IP drop list
Felix Zandanel
felix at zandanel.me
Wed Mar 4 19:19:54 UTC 2015
> Am 01.03.2015 um 10:25 schrieb Reindl Harald <h.reindl at thelounge.net>:
> Am 01.03.2015 um 08:53 schrieb Jim Pazarena:
>> I wonder if there is an easy way to provide dovecot a flat text file of
>> ipv4 #'s which should be ignored or dropped?
>>
>> I have accumulated 45,000+ IPs which routinely try dictionary and
>> 12345678 password attempts. The file is too big to create firewall
>> drops, and I don't want to compile with wrappers *if* dovecot has an
>> easy ability to do this. If dovecot could parse a flat text file of IPs
>> and drop connections it would sure put a dent in these attempts.
>
> hence i asked month ago for RBL support because such lists are easy to feed into http://www.corpit.ru/mjt/rbldnsd.html - sadly i got no reply than use fail2ban and what not irrelevant if there is already a local dnsbl
I absolutely agree with Harald Reindl's findings on the advantages of DNSBL, but you have to see the big picture. Though I’ll speak about DNSBL a lot in this text, this is about blocking IPs in general.

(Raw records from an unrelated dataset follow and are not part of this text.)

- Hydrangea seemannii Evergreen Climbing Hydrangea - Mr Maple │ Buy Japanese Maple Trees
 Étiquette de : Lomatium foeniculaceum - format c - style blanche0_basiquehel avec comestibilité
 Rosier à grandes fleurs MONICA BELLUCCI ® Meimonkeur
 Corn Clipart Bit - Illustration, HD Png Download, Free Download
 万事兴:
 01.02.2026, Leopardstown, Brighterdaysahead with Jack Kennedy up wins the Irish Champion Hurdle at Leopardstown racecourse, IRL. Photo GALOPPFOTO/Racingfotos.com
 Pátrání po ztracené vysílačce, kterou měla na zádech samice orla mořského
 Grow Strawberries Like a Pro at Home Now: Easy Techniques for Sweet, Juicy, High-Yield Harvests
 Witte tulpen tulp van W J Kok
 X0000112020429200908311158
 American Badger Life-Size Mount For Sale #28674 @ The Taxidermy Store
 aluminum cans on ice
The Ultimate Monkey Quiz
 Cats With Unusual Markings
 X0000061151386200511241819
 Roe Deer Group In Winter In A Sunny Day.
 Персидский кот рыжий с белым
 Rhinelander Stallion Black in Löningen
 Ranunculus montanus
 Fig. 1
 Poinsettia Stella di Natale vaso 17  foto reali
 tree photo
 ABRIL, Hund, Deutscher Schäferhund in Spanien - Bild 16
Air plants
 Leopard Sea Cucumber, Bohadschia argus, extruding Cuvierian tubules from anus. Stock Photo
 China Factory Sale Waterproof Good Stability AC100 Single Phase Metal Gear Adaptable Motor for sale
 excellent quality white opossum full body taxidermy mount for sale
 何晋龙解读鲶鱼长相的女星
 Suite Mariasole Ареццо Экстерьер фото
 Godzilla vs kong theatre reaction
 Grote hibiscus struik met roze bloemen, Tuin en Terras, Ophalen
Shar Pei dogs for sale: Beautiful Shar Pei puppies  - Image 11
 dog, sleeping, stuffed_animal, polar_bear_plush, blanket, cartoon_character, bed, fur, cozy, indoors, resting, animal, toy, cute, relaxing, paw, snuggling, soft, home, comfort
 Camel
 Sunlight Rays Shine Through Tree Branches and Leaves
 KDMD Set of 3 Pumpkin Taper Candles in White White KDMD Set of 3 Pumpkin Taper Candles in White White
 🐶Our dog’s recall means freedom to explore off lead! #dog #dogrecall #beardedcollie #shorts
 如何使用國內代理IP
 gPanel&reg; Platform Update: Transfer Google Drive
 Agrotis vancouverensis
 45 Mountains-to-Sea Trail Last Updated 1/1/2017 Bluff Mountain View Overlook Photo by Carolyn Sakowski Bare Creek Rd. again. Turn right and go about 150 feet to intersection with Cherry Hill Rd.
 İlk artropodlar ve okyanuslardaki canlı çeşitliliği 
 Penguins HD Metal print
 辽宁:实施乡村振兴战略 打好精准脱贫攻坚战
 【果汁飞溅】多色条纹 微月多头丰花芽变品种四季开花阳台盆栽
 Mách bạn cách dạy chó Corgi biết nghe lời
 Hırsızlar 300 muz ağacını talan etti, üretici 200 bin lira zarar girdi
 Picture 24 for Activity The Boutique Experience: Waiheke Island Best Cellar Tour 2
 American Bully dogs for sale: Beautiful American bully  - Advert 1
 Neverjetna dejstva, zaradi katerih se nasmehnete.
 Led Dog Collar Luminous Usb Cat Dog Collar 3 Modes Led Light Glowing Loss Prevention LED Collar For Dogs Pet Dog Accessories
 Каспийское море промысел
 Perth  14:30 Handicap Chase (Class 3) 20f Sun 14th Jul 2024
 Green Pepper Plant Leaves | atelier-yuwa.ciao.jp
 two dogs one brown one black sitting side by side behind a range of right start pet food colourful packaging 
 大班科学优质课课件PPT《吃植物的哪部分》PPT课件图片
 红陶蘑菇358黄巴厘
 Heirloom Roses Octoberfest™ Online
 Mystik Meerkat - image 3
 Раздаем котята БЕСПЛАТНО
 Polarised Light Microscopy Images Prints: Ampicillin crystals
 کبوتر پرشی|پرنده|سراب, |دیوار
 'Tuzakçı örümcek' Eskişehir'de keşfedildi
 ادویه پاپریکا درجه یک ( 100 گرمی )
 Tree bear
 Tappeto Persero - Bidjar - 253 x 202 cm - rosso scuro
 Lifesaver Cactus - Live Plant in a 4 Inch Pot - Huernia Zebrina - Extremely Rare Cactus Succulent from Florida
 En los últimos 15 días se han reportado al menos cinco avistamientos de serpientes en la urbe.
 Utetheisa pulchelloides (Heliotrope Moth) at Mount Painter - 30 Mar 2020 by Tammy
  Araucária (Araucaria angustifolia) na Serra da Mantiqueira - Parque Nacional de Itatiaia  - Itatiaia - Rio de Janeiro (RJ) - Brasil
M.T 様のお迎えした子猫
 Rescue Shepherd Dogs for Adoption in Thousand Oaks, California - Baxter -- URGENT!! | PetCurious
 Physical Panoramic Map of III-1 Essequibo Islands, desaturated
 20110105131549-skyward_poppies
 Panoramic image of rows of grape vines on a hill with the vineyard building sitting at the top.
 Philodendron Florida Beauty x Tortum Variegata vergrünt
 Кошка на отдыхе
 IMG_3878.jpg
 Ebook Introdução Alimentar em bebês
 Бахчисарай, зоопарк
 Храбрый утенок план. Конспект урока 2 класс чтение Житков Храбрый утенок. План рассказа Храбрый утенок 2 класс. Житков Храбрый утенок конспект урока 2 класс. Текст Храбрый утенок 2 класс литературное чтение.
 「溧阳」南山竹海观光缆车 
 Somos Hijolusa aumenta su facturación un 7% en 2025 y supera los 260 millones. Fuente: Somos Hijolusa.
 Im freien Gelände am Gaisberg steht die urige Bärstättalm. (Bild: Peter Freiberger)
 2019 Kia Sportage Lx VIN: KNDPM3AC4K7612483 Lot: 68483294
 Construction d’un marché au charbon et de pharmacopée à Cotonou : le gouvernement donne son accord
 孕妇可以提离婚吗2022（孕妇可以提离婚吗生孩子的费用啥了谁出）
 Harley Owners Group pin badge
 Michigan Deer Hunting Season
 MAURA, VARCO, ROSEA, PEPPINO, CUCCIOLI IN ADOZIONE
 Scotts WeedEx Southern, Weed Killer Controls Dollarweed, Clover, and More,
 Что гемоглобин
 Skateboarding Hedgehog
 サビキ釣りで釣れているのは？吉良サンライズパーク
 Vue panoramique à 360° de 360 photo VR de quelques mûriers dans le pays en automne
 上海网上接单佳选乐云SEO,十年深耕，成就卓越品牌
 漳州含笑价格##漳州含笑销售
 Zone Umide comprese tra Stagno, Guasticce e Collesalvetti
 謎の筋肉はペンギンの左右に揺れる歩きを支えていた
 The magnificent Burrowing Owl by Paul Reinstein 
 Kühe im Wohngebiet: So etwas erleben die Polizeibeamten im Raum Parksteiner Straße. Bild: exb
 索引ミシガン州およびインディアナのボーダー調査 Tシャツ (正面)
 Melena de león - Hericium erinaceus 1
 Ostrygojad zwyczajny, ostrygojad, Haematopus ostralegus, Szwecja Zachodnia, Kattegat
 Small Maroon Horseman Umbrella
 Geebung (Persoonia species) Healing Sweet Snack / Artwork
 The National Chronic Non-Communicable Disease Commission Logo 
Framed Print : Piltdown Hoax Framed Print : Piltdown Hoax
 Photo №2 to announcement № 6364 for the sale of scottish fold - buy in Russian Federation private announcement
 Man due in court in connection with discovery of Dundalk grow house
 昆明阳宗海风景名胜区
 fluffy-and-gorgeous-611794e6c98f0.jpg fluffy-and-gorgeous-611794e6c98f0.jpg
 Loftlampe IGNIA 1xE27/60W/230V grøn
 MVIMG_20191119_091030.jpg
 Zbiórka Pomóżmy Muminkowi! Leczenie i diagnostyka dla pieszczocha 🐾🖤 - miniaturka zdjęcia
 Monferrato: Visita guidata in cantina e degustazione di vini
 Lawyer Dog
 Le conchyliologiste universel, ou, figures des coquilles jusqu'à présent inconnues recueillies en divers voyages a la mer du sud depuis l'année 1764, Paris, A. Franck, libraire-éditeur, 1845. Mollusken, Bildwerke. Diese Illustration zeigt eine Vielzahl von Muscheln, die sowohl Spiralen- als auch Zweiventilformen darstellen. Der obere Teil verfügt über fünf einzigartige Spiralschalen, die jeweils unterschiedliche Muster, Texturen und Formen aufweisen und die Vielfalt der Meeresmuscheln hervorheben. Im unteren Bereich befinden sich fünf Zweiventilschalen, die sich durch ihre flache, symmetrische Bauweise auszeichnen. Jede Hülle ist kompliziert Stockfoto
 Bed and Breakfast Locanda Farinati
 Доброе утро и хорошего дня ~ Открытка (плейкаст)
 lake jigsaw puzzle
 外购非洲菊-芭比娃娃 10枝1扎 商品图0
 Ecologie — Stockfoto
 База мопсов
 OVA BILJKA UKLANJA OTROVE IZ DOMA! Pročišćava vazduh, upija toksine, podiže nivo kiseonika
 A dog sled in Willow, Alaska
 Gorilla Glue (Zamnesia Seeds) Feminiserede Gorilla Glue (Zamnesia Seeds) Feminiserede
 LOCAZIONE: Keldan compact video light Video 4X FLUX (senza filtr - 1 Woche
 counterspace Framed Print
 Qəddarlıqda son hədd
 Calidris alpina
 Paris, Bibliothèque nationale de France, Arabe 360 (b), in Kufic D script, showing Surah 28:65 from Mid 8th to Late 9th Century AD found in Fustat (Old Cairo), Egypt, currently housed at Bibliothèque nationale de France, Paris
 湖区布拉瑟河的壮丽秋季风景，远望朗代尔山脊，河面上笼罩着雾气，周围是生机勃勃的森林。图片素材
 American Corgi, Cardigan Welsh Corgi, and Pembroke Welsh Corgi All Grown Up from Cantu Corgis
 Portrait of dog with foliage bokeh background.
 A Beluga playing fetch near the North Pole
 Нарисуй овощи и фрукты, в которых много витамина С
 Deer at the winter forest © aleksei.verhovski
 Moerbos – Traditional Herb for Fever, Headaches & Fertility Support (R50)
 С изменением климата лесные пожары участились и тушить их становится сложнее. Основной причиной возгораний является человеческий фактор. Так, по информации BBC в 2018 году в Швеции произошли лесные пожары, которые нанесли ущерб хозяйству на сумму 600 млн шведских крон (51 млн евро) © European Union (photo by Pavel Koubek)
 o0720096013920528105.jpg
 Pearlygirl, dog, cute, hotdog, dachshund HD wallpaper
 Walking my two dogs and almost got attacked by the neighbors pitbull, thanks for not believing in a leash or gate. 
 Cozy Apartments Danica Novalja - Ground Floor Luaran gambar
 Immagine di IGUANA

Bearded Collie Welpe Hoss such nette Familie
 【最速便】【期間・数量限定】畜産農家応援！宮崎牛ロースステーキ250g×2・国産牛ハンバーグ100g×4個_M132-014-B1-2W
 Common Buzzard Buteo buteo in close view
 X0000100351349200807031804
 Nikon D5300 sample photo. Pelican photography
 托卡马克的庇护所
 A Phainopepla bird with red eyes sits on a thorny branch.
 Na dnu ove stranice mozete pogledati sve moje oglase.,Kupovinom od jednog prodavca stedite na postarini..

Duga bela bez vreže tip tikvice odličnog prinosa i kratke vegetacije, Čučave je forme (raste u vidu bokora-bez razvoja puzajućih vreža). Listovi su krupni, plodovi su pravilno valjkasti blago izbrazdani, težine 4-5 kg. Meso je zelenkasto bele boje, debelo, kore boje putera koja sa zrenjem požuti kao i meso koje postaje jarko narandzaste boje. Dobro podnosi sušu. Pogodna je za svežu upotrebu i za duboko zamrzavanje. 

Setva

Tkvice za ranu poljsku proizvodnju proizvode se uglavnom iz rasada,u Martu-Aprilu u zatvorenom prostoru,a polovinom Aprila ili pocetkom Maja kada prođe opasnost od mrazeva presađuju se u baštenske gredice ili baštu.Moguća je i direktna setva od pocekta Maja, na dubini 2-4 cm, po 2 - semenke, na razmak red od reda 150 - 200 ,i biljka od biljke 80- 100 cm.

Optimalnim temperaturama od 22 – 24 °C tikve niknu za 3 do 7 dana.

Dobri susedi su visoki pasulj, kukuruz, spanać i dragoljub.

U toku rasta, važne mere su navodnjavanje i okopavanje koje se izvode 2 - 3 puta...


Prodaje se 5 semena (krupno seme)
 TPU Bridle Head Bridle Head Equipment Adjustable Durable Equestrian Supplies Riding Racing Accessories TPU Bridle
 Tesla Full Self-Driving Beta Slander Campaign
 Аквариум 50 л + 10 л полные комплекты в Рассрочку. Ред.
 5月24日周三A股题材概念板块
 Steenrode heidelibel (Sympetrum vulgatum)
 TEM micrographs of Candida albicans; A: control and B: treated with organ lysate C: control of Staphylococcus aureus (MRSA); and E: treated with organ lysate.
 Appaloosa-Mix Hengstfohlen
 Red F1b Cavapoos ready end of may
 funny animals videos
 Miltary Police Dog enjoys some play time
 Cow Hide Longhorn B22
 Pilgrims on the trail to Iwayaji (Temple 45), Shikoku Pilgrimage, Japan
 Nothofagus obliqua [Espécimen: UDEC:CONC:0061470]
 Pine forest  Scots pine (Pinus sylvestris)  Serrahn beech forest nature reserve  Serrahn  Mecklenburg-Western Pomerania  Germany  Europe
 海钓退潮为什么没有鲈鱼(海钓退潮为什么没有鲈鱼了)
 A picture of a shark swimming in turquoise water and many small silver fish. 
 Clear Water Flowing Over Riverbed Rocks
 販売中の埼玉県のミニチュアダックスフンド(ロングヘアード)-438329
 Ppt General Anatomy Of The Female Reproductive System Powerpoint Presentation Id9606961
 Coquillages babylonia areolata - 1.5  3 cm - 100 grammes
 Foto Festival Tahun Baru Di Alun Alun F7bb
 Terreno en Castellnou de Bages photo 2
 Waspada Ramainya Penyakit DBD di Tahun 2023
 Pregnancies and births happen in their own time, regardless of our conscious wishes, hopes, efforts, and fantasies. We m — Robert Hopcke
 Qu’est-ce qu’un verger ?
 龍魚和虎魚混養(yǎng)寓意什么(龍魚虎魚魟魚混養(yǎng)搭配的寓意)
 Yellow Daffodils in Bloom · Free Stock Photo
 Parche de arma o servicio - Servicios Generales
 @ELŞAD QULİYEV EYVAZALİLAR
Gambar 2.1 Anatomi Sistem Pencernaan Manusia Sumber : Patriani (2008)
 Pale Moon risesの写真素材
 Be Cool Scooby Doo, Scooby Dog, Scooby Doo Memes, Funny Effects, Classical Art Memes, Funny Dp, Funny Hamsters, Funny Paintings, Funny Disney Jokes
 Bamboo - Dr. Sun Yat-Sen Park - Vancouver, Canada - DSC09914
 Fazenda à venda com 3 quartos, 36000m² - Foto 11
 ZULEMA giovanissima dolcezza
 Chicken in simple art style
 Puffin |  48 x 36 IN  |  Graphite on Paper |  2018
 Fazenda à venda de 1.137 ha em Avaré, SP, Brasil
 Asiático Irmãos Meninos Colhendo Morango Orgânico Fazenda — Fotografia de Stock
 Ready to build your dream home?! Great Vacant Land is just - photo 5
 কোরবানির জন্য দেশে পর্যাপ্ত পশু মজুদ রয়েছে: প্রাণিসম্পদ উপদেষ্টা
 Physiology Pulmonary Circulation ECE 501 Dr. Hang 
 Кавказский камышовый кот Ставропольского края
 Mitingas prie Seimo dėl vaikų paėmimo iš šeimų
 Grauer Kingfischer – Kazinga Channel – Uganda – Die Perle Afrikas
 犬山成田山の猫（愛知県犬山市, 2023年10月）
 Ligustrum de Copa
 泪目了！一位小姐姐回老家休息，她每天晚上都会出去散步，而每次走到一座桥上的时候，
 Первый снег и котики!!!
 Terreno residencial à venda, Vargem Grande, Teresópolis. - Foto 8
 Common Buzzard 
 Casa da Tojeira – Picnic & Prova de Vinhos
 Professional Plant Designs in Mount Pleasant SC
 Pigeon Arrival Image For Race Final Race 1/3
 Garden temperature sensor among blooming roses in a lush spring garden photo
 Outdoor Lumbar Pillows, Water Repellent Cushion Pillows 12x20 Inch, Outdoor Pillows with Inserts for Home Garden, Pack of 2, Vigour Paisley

In my opinion, the *only* valid setup to use DNSBL are MTAs that accept mail from unauthenticated clients. That is because in such scenarios there are several heuristics you can safely use to distinguish the good from the bad. One of the most important aspects has to do with the distinction between mail submission and transmission. If you don’t want an open relay, you normally let your users authenticate before they can submit their mail.
In any other case it’s safe to assume that the client is another MTA wanting to push a message over to you. We are talking about server systems here, not end users. Servers that should have a valid hostname, a static IP with no NAT in between etc. Blocking one IP in this case *should* really only block that one bad computer system. In the end, it’s perfectly OK to block clients that are either not authenticated, have no valid hostname, use dynamically assigned IPs etc. from accessing your MTA. Once having checked that one may put single IPs on a private block list to speed things up.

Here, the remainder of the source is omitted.